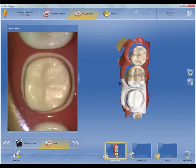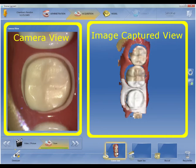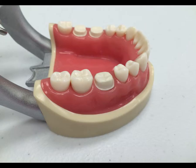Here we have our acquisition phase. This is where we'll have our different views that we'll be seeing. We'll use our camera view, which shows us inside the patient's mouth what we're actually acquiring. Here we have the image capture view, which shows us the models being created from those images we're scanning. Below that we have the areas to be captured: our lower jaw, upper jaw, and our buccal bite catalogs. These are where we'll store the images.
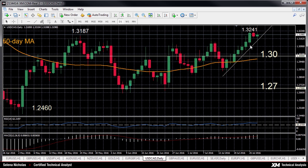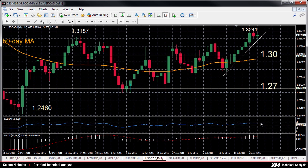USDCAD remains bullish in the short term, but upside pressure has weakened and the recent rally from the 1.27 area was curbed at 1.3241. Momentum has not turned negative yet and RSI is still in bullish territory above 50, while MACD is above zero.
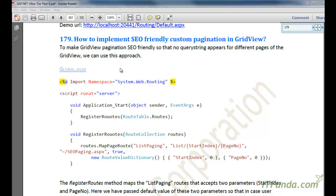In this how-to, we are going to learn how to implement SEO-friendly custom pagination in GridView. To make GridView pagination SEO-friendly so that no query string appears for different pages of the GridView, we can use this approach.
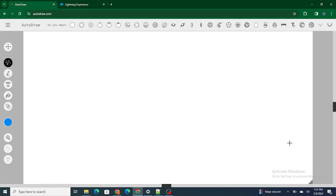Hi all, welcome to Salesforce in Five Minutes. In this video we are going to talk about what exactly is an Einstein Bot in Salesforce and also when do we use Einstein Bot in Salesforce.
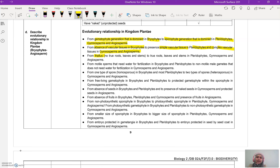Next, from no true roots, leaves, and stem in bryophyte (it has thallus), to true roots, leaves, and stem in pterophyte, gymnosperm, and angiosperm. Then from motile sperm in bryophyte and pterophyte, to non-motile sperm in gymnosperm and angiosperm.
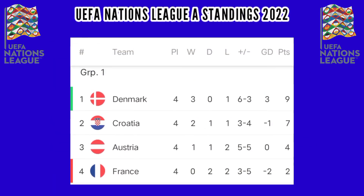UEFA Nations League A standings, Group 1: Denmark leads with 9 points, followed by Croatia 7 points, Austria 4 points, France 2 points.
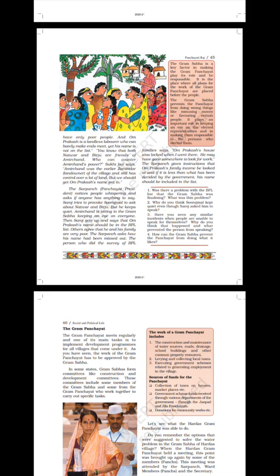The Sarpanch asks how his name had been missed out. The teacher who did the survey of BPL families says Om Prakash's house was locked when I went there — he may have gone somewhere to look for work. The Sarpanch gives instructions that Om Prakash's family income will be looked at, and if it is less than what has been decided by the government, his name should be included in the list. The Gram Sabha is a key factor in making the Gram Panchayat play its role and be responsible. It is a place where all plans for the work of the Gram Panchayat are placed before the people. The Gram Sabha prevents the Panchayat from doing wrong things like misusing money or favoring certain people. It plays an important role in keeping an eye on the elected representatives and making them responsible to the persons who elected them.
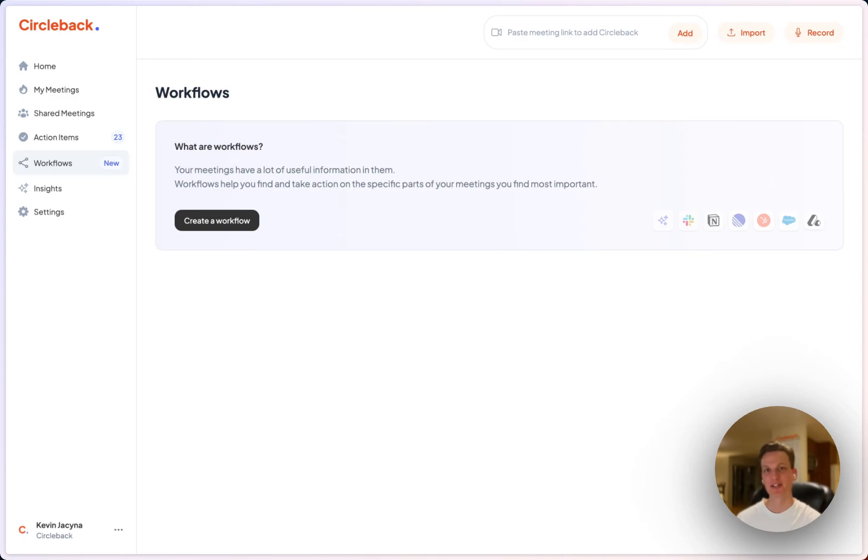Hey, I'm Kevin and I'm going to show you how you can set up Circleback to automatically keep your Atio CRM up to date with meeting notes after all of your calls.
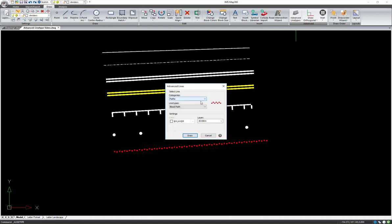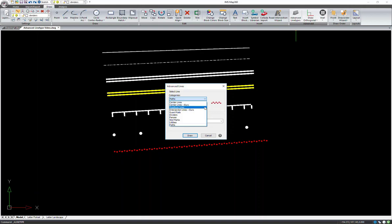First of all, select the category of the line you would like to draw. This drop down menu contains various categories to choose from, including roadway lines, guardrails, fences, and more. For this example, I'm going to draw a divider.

******

- **THE PROBLEM**:
Leaving every picture out, write out exactly the lines from the beginning of the listing above to the line with "UEFA Nations League", inclusive.

- **ANSWER TO THIS PROBLEM**:
Here we have our acquisition phase. This is where we'll have our different views that we'll be seeing. We'll use our camera view, which shows us inside the patient's mouth what we're actually acquiring. Here we have the image capture view, which shows us the models being created from those images we're scanning. Below that we have the areas to be captured: our lower jaw, upper jaw, and our buccal bite catalogs. These are where we'll store the images.
USDCAD remains bullish in the short term, but upside pressure has weakened and the recent rally from the 1.27 area was curbed at 1.3241. Momentum has not turned negative yet and RSI is still in bullish territory above 50, while MACD is above zero.
In this how-to, we are going to learn how to implement SEO-friendly custom pagination in GridView. To make GridView pagination SEO-friendly so that no query string appears for different pages of the GridView, we can use this approach.
Hi all, welcome to Salesforce in Five Minutes. In this video we are going to talk about what exactly is an Einstein Bot in Salesforce and also when do we use Einstein Bot in Salesforce.
Next, from no true roots, leaves, and stem in bryophyte (it has thallus), to true roots, leaves, and stem in pterophyte, gymnosperm, and angiosperm. Then from motile sperm in bryophyte and pterophyte, to non-motile sperm in gymnosperm and angiosperm.
UEFA Nations League A standings, Group 1: Denmark leads with 9 points, followed by Croatia 7 points, Austria 4 points, France 2 points.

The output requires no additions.